Return all of the data exactly, with nothing left out but the pictures.

_Information supplied_:

★ ★ ★ ★ ★ ★ ★

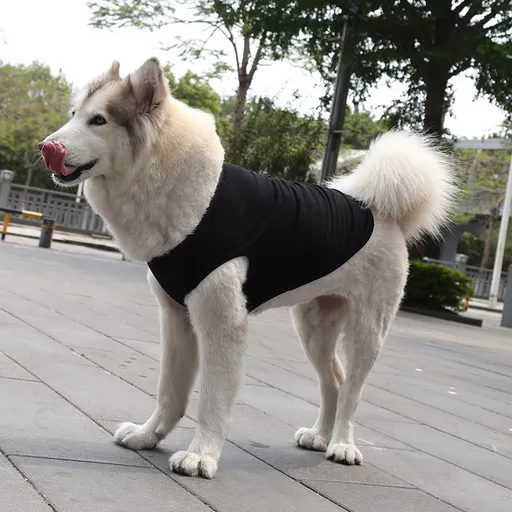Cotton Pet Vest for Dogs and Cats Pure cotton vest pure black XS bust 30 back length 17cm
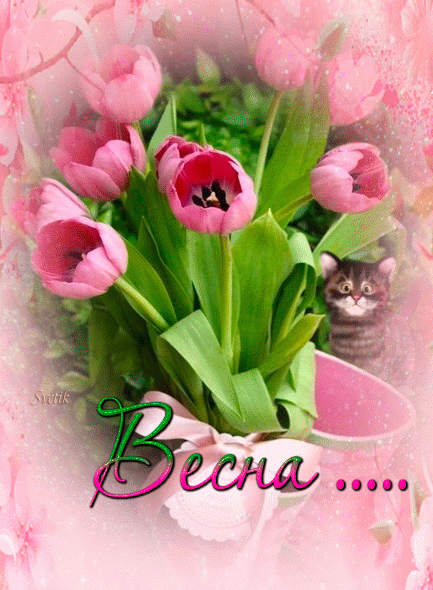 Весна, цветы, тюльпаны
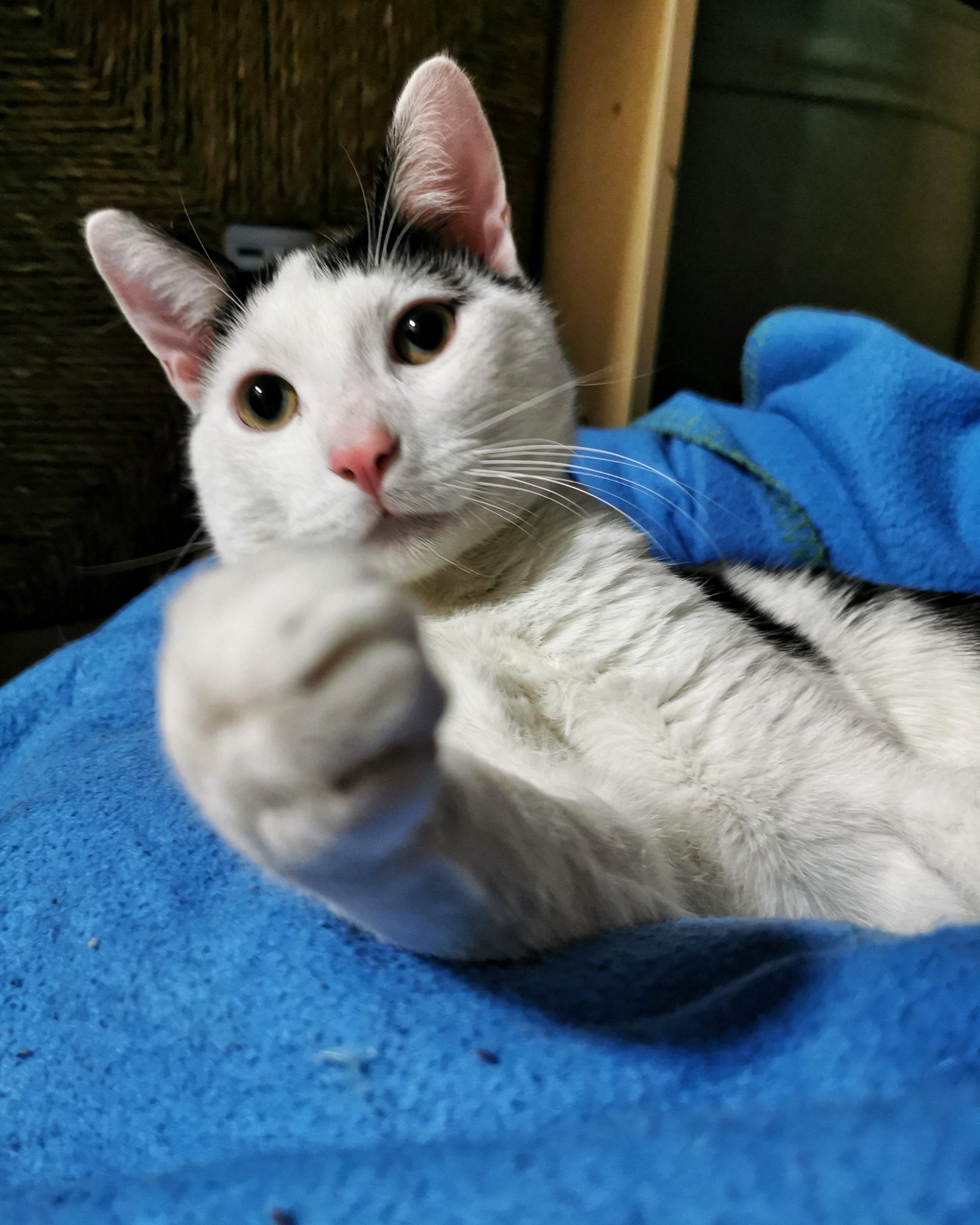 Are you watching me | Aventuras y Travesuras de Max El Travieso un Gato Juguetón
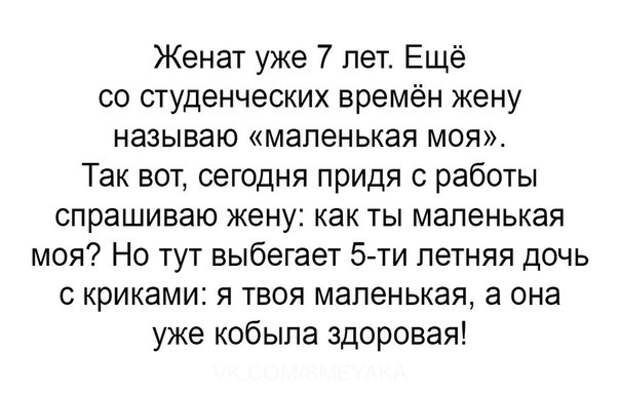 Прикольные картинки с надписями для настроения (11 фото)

★ ★ ★ ★ ★ ★ ★

_Answer to this exercise_:
Cotton Pet Vest for Dogs and Cats Pure cotton vest pure black XS bust 30 back length 17cm
 Весна, цветы, тюльпаны
 Are you watching me | Aventuras y Travesuras de Max El Travieso un Gato Juguetón
 Прикольные картинки с надписями для настроения (11 фото)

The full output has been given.